Ryan Magee 00:32:09 Yeah, exactly. To give some context here, when we’re looking for a binary black hole in spiral, we really expect the highest frequencies that like the standard emission reaches to be hundreds of hertz, maybe not above like six, 800 hertz, something like that. For binary neutron stars, we expect this to be a bit higher, but still nowhere near the 16 kilohertz bound.

Jeff Doolittle 00:32:33 Right? Or even the 2 to 4k. I think that’s about the human voice range. We’re talking very, very low, low frequencies. Yeah. Although it’s interesting that they’re not as low as I might have expected. I mean, isn’t that within the human auditory? Not that we could hear a gravitational wave. I’m just saying the her itself, that’s an audible frequency, which is interesting.

Ryan Magee 00:32:49 There’s actually a lot of fun animations and audio clips online that show what the power deposited in a detector from a gravitational wave looks like. And then you can listen to that gravitational wave as time progresses so you can hear what frequencies the wave is depositing power in the detector at. So of course, you know, it’s not natural sound that like you could hear it to sound and it’s really nice.

Jeff Doolittle 00:33:16 Yeah, that’s really cool. We’ll have to find some links in the show notes and if you can share some, that would be fun for I think listeners to be able to go and actually, I’ll put it in quotes, you can’t see me doing this but “hear” gravitational waves . Yeah. Sort of like watching a sci-fi movie and you can hear the explosions and you say, Well, okay, we know we can’t really hear them, but it’s, it’s fun . So large volumes of data, both collection time as well as in later analysis and processing time. I imagine because of the nature of what you’re doing as well, there’s also certain aspects of data security and public record requirements that you have to deal with, as well. So maybe speak to our listeners some about how that affects what you do and how software either helps or hinders in those aspects.

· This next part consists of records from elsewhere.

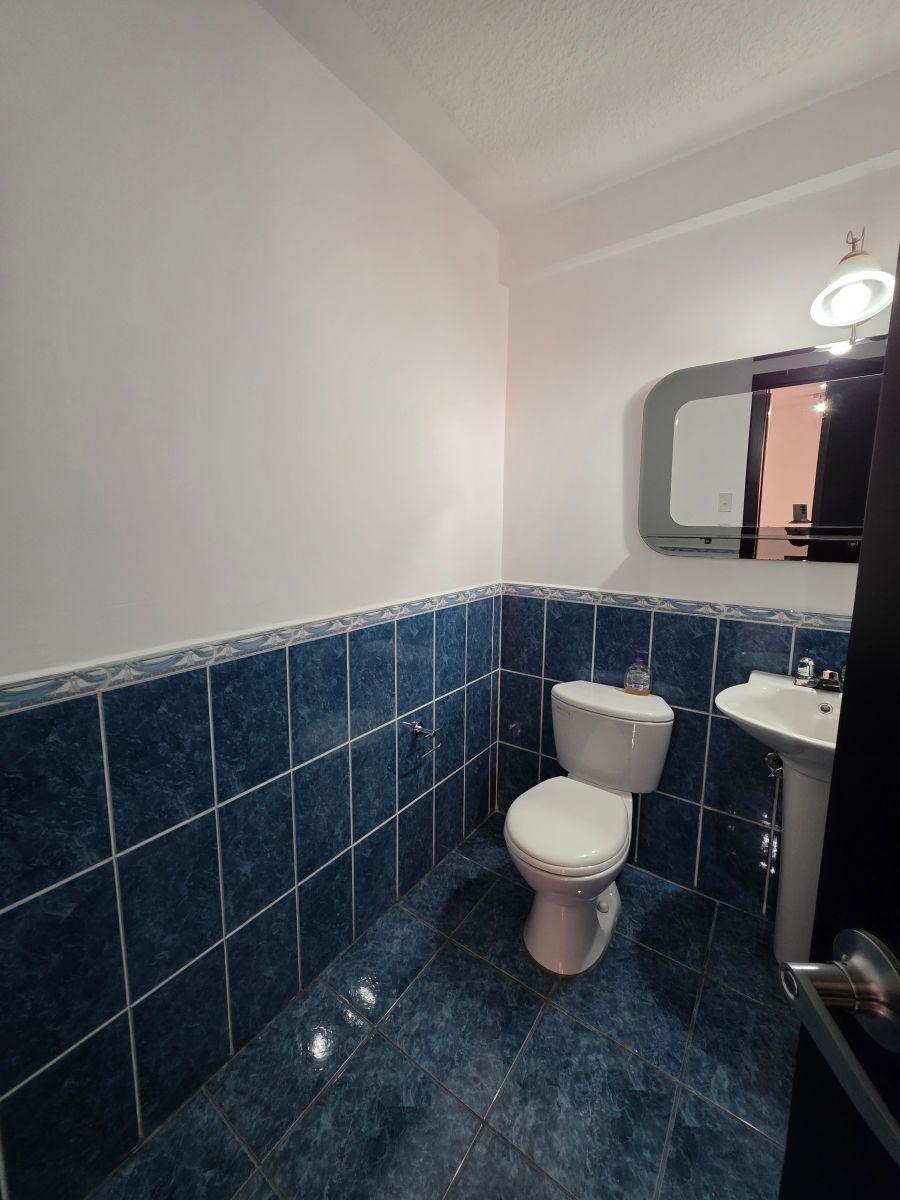 Amplio Departamento de Venta Planta Baja con Patio Sector Cofavi Supermaxi — imagen 6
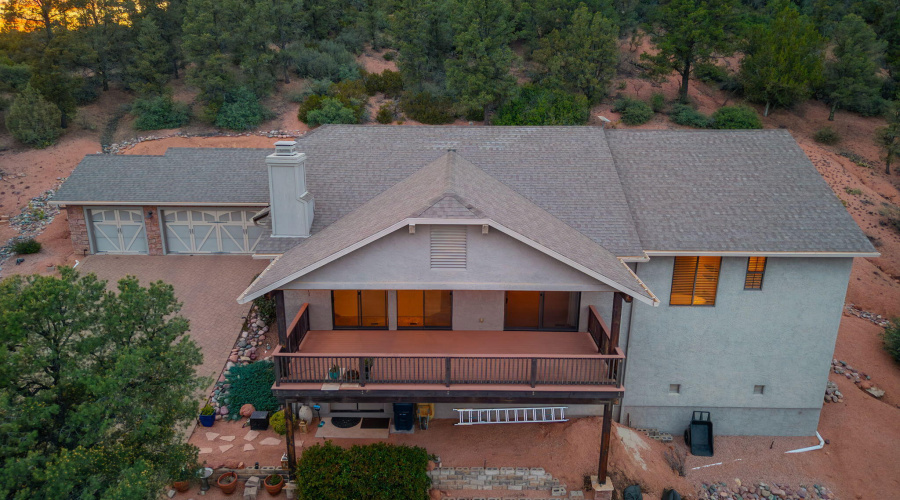 806 N Oak Point - 65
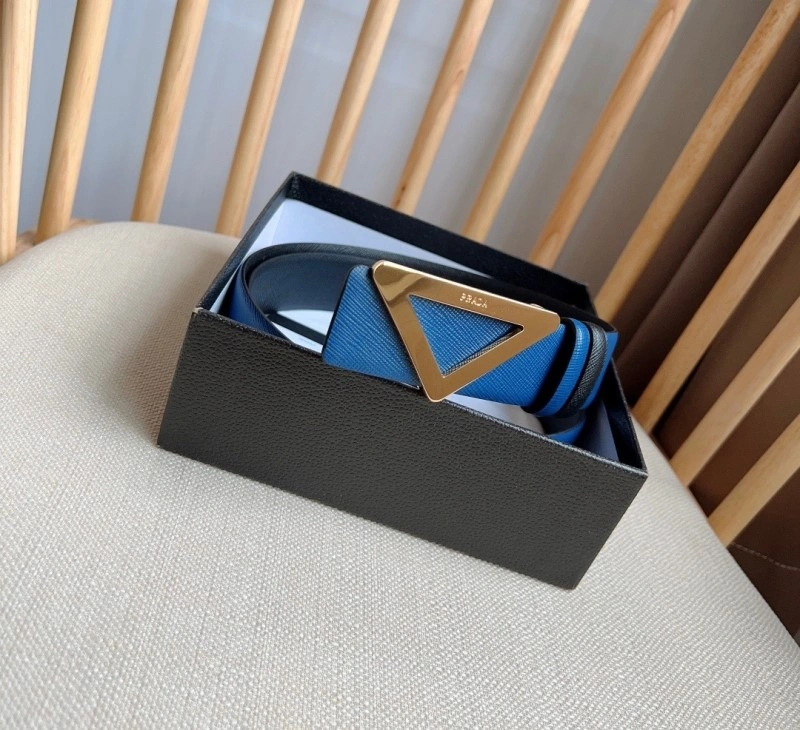 Elegant Prada Belts 303015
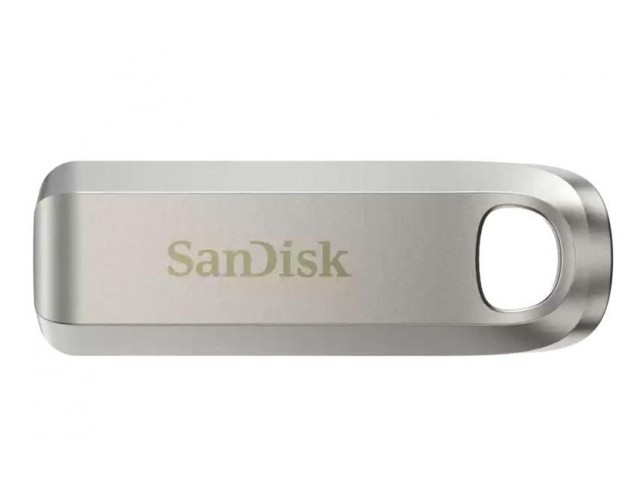 Sandisk SDCZ75-032G-G46 Ultra Luxe Usb Usb Flash  Drive 32 Gb Usb Type-C 3.2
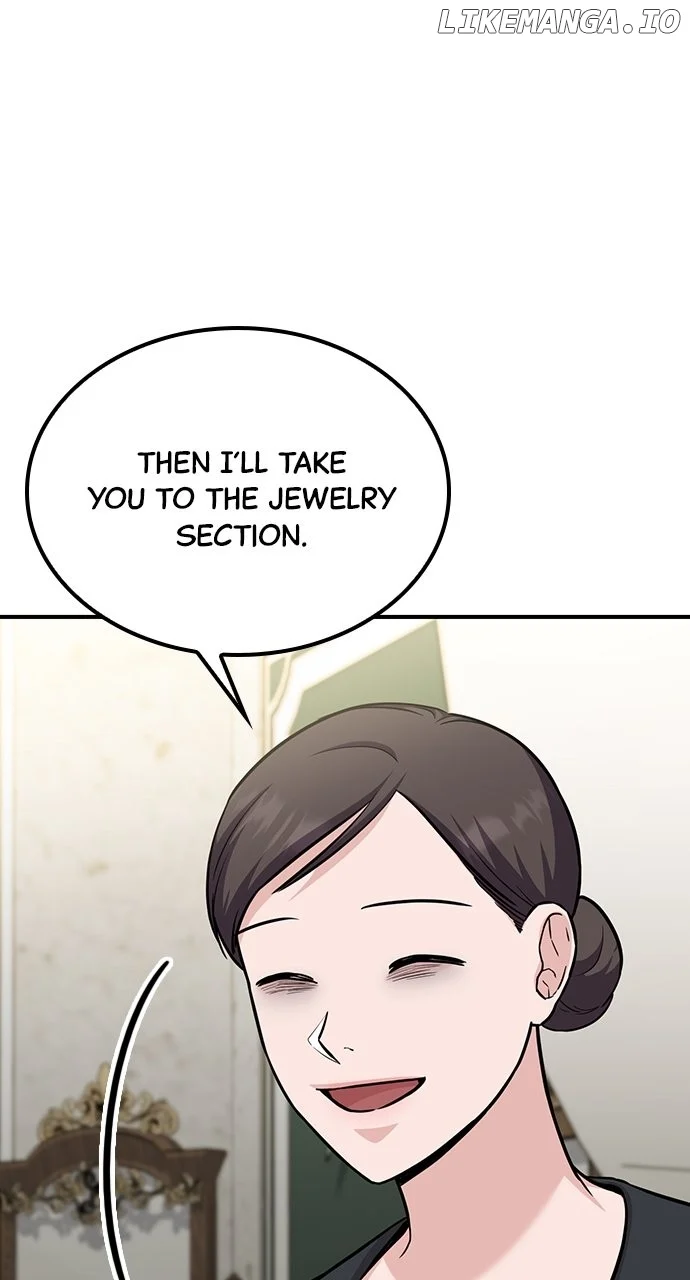 Our Night Shift Chapter 32 - Page 109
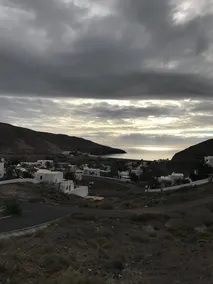 Apartment With 2 Bedrooms in Las Palmas, With Wonderful Mountain View, - Image 3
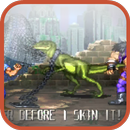 Guidance For Cadillacs Dino APK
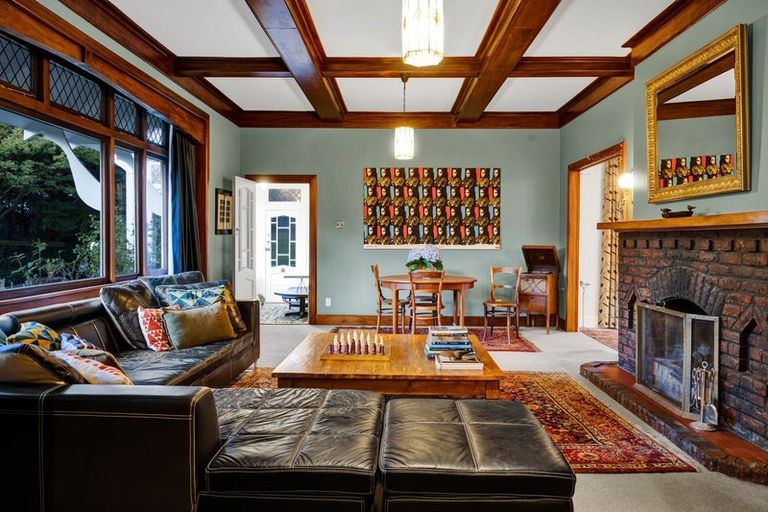 Photo of property in 1140 Ohangai Road, Ohangai, Hawera, 4672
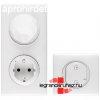 Legrand Cliane Netatmo intelligens kezd csomag - kzponti 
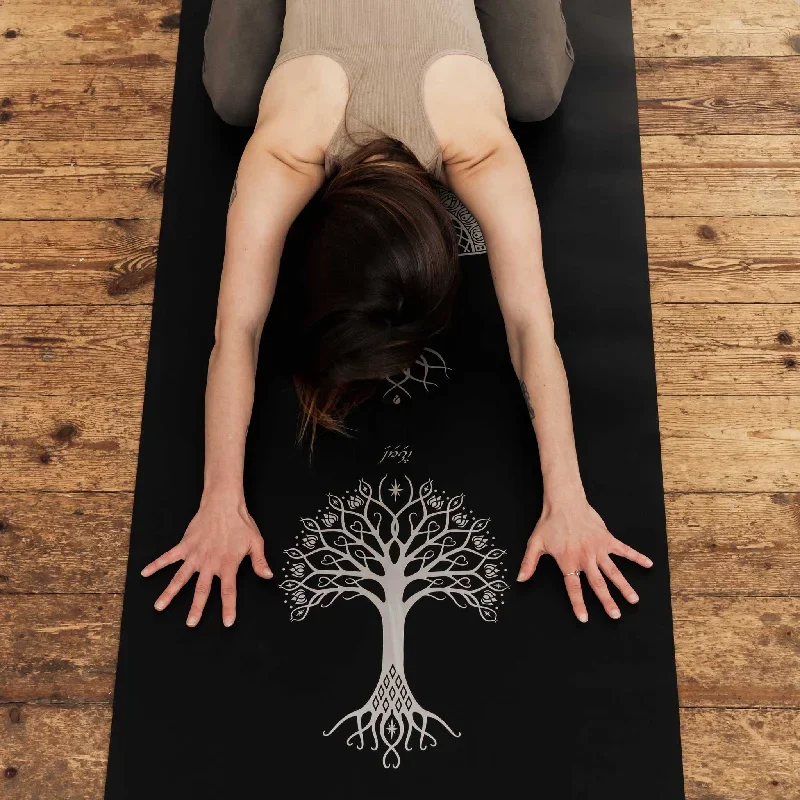 ancients-of-gondor-ithildin-yoga-mat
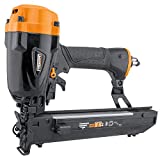 Freeman PWC50 Pneumatic 16 Gauge 1' Wide Crown Stapler for Senco P Type Staples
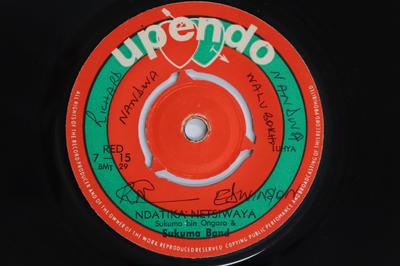 Hobbys und Kreativität – Musik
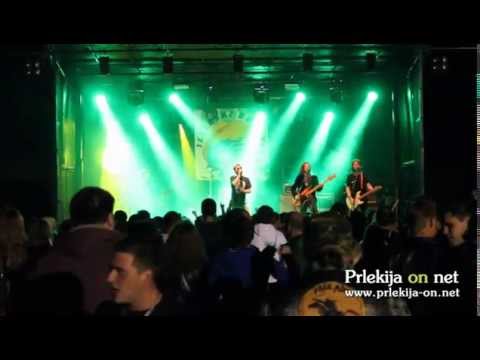 12. mednarodno srečanje MK Jezerski duhovi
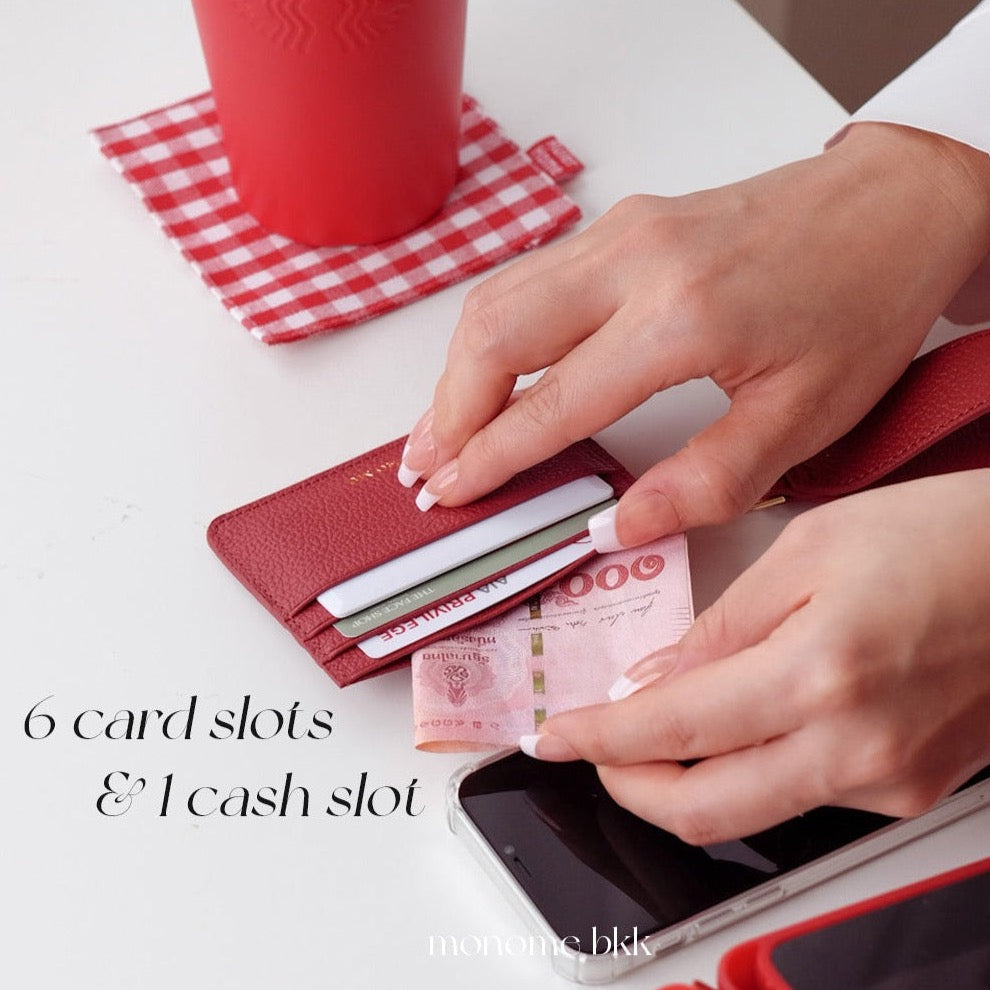 Card & Go Card holder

Ryan Magee 00:34:02 You had mentioned earlier with broadcasting that like a true broadcast, anybody can kind of just listen into. The difference with the data that we’re analyzing is that it’s proprietary for some period set forth in, you know, our NSF agreements. So it’s only broadcast to very specific sites and it’s eventually publicly released later on. So, we do need to have different ways of authenticating the users when we’re trying to access data before this public period has commenced. And then once it’s commenced, it’s fine, anybody can access it from anywhere. Yeah. So to actually access this data and to make sure that, you know, we’re properly authenticated, we use a couple of different methods. The first method, which is maybe the easiest is just with SSH keys. So we have, you know, a protected database somewhere we can upload our public SSH key and that’ll allow us to access the different central computing sites that we might want to use. Now once we’re on one of these sites, if we want to access any data that’s still proprietary, we use X509 certification to authenticate ourselves and make sure that we can access this data.

Jeff Doolittle 00:35:10 Okay. So SSH key sharing and then as well as public-private key encryption, which is pretty standard stuff. I mean X509 is what SSL uses under the covers anyway, so it’s pretty standard protocols there. So does the use of software ever get in the way or create additional challenges?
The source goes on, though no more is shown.